Living Building contest heads north to Alaska
By Christina Williams
Sustainable Business Oregon editor
A new competition is asking for a Living Building design that can survive in the harsh environment of Alaska's Aleutian Islands.
Cascadia Green Building Council announced Tuesday that 185 teams have signed up for a design competition to design and build an affordable home on an Alaskan island that will meet the ultra-green Living Building Challenge criteria.
The Living Aleutian Home Design Competition caught the eye of teams from Hong Kong to Sarajevo that have signed up for the chance to design a home for Jimmy Prokopeuff, a 32-year-old Aleut man living on the island of Atka.
The home design that's selected will become a prototype for sustainable affordable housing to be used by the Aleutian Housing Authority.
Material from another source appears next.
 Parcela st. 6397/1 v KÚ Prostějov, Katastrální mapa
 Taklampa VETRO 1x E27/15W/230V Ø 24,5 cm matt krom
"The Living Building Challenge deals with far more than energy, of course, but that’s the big driver in rural Alaska," said Mark Masteller, Alaska director for Cascadia, in a press release.
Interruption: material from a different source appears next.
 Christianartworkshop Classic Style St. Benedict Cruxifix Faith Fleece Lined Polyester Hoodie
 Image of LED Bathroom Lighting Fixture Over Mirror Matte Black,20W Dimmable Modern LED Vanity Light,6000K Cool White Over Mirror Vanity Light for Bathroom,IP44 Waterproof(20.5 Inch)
The winning design team will receive a cash award of $35,000. A second prize of $15,000 will also be awarded.
The teams are required to design a three-bedroom home that adheres to the guidelines established by the Living Building Challenge 2.0 standard. Among other things, Living Buildings must be highly efficient, make use of green and regional materials, produce its own energy and harvest rain water.
Portland-based Cascadia Green Building Council is part of the International Living Future Institute which administers the Living Building Challenge. In October, the institute announced the launch of a Net Zero Energy Building Certification program.
The winners of the design competition will be announced in May.